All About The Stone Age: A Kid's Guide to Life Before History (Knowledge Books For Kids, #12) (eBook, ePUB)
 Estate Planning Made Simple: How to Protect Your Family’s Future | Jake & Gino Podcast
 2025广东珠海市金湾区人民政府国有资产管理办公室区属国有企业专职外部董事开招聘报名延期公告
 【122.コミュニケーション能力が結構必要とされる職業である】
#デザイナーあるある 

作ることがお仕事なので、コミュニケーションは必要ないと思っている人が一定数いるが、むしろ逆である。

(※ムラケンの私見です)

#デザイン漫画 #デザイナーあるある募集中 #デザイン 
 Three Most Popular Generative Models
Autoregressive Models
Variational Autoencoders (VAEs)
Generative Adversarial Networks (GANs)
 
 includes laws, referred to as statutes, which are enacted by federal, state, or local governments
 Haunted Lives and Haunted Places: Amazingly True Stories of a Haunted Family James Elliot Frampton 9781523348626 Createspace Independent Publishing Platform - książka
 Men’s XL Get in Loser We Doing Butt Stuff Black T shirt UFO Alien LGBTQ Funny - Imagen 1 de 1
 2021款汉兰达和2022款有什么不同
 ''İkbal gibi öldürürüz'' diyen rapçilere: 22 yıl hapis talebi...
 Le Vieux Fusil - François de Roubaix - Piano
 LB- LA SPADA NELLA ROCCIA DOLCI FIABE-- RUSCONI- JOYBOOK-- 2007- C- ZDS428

··········

Exercise details
Every line above should be printed again exactly as it stands.

Solution for this task
All About The Stone Age: A Kid's Guide to Life Before History (Knowledge Books For Kids, #12) (eBook, ePUB)
 Estate Planning Made Simple: How to Protect Your Family’s Future | Jake & Gino Podcast
 2025广东珠海市金湾区人民政府国有资产管理办公室区属国有企业专职外部董事开招聘报名延期公告
 【122.コミュニケーション能力が結構必要とされる職業である】
#デザイナーあるある 

作ることがお仕事なので、コミュニケーションは必要ないと思っている人が一定数いるが、むしろ逆である。

(※ムラケンの私見です)

#デザイン漫画 #デザイナーあるある募集中 #デザイン 
 Three Most Popular Generative Models
Autoregressive Models
Variational Autoencoders (VAEs)
Generative Adversarial Networks (GANs)
 
 includes laws, referred to as statutes, which are enacted by federal, state, or local governments
 Haunted Lives and Haunted Places: Amazingly True Stories of a Haunted Family James Elliot Frampton 9781523348626 Createspace Independent Publishing Platform - książka
 Men’s XL Get in Loser We Doing Butt Stuff Black T shirt UFO Alien LGBTQ Funny - Imagen 1 de 1
 2021款汉兰达和2022款有什么不同
 ''İkbal gibi öldürürüz'' diyen rapçilere: 22 yıl hapis talebi...
 Le Vieux Fusil - François de Roubaix - Piano
 LB- LA SPADA NELLA ROCCIA DOLCI FIABE-- RUSCONI- JOYBOOK-- 2007- C- ZDS428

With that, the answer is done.